I do think it’s interesting that some bloggers made a name for themselves by fighting the establishment and billing themselves as revolutionaries but at the same time are willing to work for campaigns. That, to me, is part of the establishment — at least in a broad sense. And that is the point of my article.

I’m curious as to what part of Ned Lamont’s campaign was “establishment” when he was down 60 points in the polls to a former VP nominee; when every single organ of party infrastructure was fighting tooth and nail against us; when I decided to leave the DNC (now that’s establishment!) to join Ned and people literally said it would be “difficult to hire” me in the future if I made that move. Yet three of the thirteen candidates on his chart were hired “bloggers” by the Lamont campaign — that’s of “four bloggers on his campaign team.”  Of that group, one was paid to actually blog … me.  The other three were a tech guy, research staff, and graphic designer who wrote favorably about Ned before ever joining the team.

Here’s something else Glover apparently doesn’t get.  Blogging was probably one of the smallest pieces of my employment.  It’s a conversation I’ve tried to have with others at the National Journal, but no one quite seems to get.  When you take on the role of an “Internet Director” on a campaign, it’s more than just blogging and talking to bloggers.  Scott Shields of the Menendez campaign has more on this.

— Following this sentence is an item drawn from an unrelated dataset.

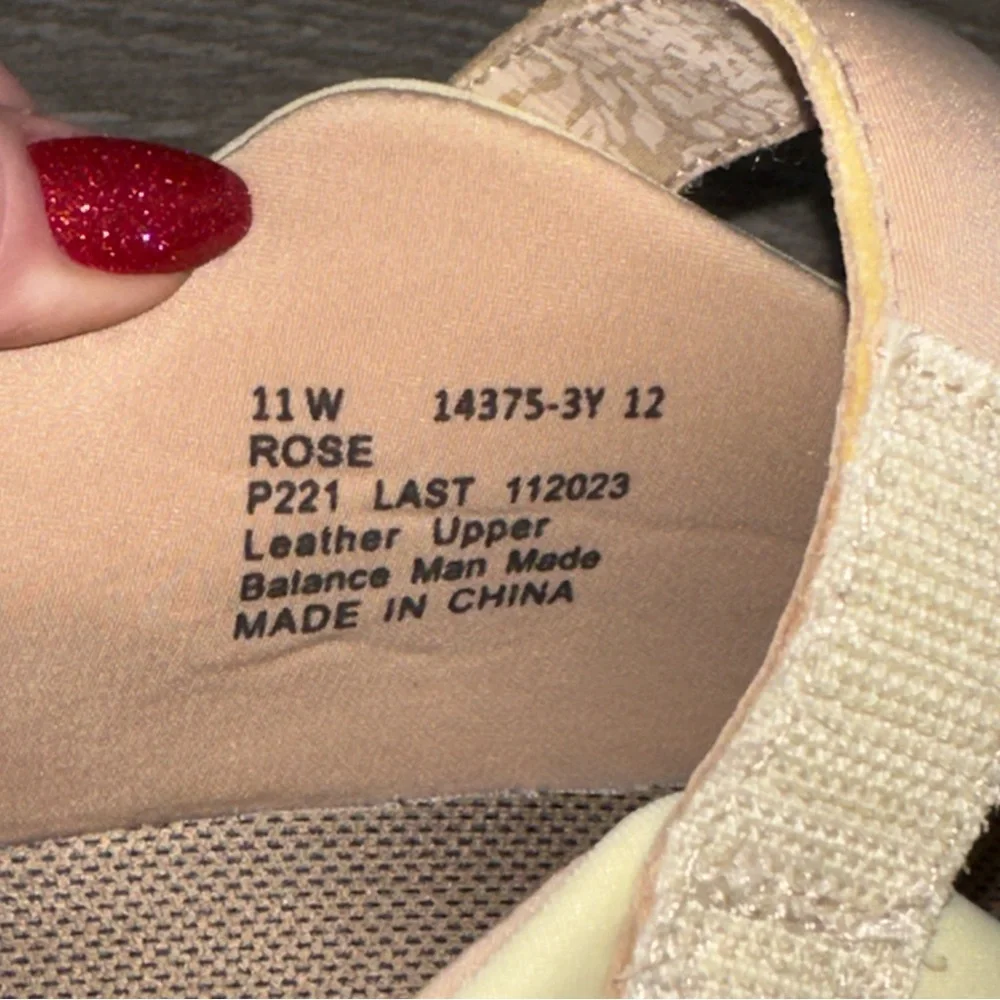 Drew Rose Mary Jane Flats Bone Color Hook & Loop Strap Closure Women’s Size 11W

Further, I personally am not blogger turned campaign staff.  I worked on a campaign long before ever consistently blogging on any independent site.  Glover’s chart cites me blogging for the “now defunct” Grow Ohio.  But Grow Ohio was the site I was paid to write for by Congressman Sherrod Brown. It had his picture all over the site and a nice disclaimer at the bottom that said “Paid for by Friends of Sherrod Brown.”  The only independent blog I have ever been a regular front page poster to is Swing State Project, and he doesn’t even list that on my line … he also conveniently omitted the fact I was the DNC blogger for some time as well.

And finally, his chart implies that a paycheck is driving bloggers to write nice things about our employeers.  Maybe that’s not the intent, but it’s the implication.  But the quotes he pulls from Sirota and I (Lamont staffers) were both written AFTER the campaign was over.  Could it be that some of us he noted in the piece have the ability to work for candidates we believe in before receiving a paycheck and continue to believe in long after our final one was cashed?

Tim

P.S. They even got the amount of $$$ I made with Ned wrong.  Go figure.  I even let Glover know that via email after his first piece showed up on MSNBC’s website.